Use the xl compilers whenever possible as they provide far superior performance.

xl Compilers

Documentation

Invocation

All the xl compilers have a _r flavour that generates thread-safe code. For examples, xlc_r and xlf_r

Compiler Flags

Various flags that might be useful:

-q32 or -q64
32-bit or 64-bit. 64-bit isn't automatically faster. If the problem can always be contained in 32-bit space, -q32 is faster because the cache is better used. If the problem requires 64-bit integers for array access, then -q64 will be faster.
32-bit libraries must be linked to 32-bit libraries.
64-bit libraries must be linked to 64-bit libraries.
Hint: if your indices exceed 2 billion, then use 64-bit.

-qsmp -qthreaded
Enables automatic parallelization.
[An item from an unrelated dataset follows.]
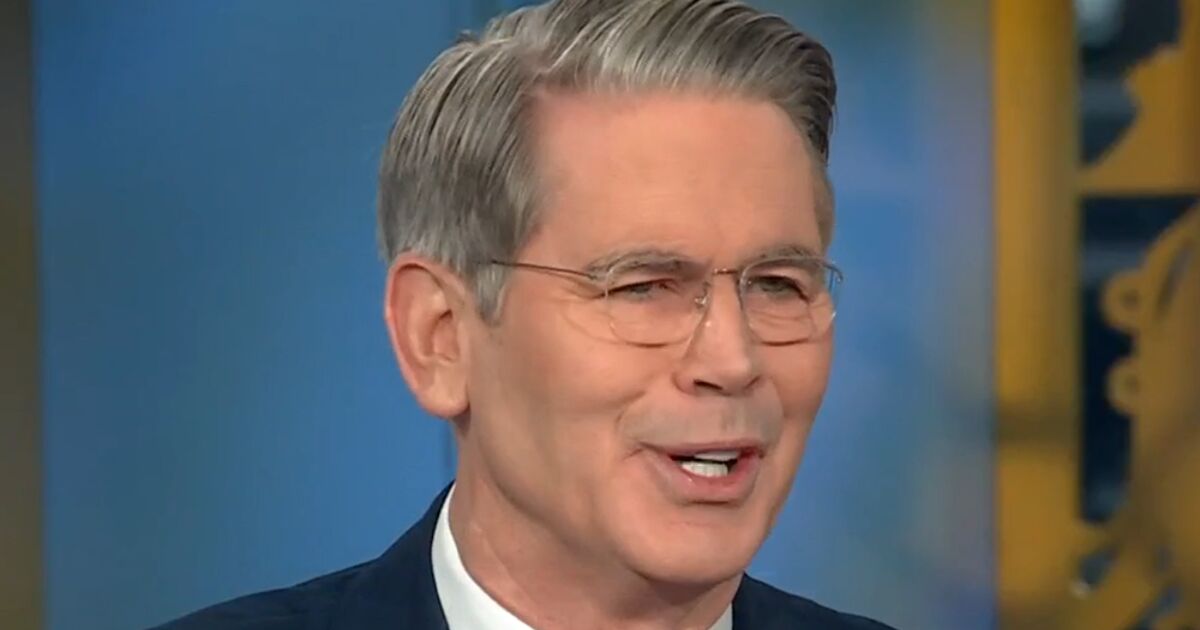 Scott Bessent se enfurece en Kamala Harris por no elegir a Pete, pero dice que tampoco lo elegiría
Always use the xl*_r invocation.

-qsmp=omp
Enables parallelization according to the explicit user-supplied OpenMP pragma directives. Always use the xl*_r invocation.
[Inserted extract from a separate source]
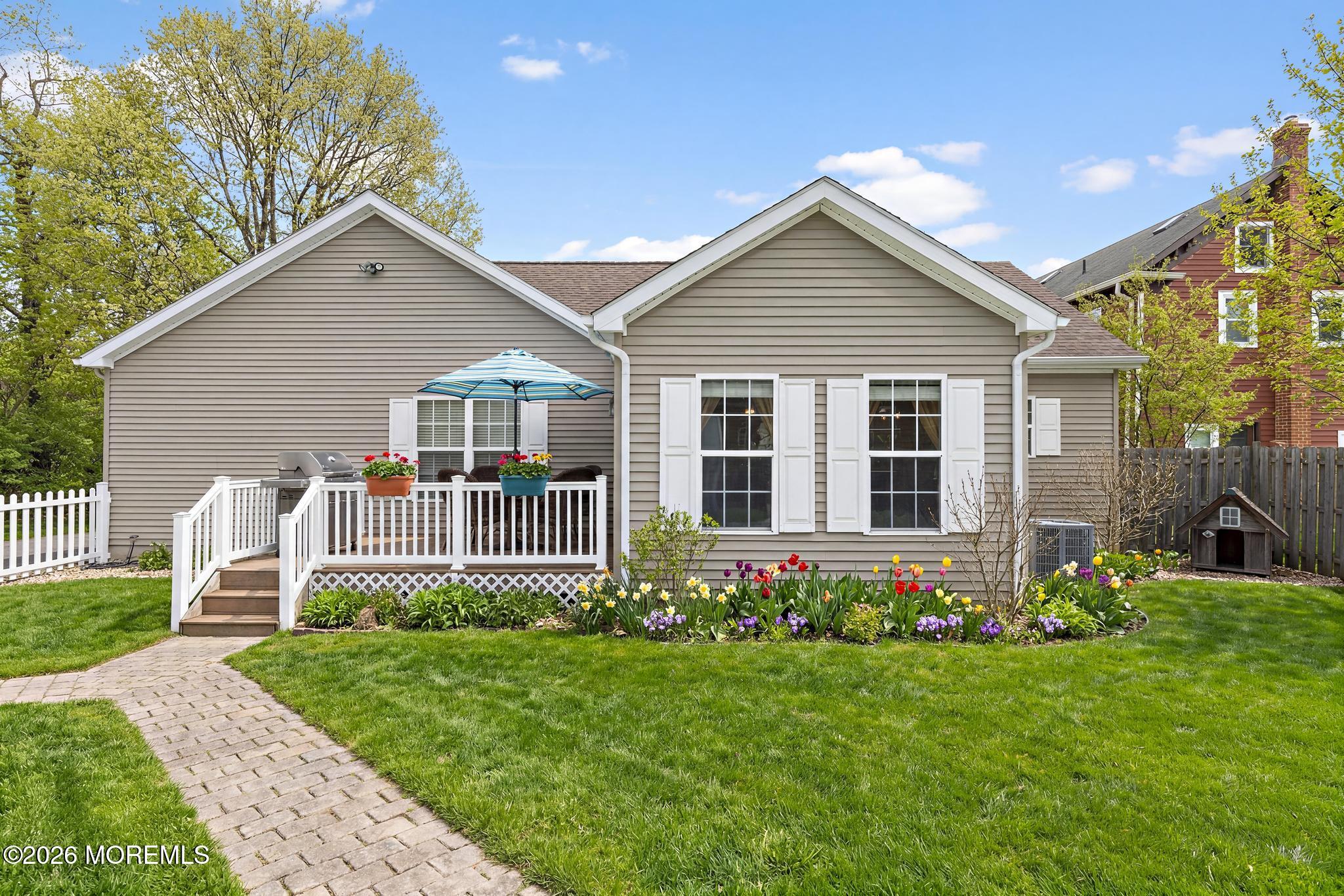 6 Cedar Street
-qarch=auto -qtune=auto -qcache=auto
Generate code optimized for the current arch.

-qstrict
-On, n > 2, includes optimizations which can generates code that might not do what you expect. -qstrict disables those optimizations.

-qipa (O4 & O5), -qnoipa
Interprocudural Analysis. A nifty optimization that sometimes goes awry. If it does, use -qnoipa

-qpdf & -qfdpr
Used for the two-step process of profile-directed feedback.

-qlibansi
Assume all functions with the same name as ANSI library functions are indeed the ANSI library function. Bit odd, this one, because it sounds to me like an error should be generated otherwise.

Recommended compiler flags

-O5 -qsmp -qthreaded -qarch=auto -qtune=auto -qcache=auto

Note: the -q64 flag generates 64-bit code. When creating libaries, use ar -X32_64 r otherwise the 64-bit object files will be ignored.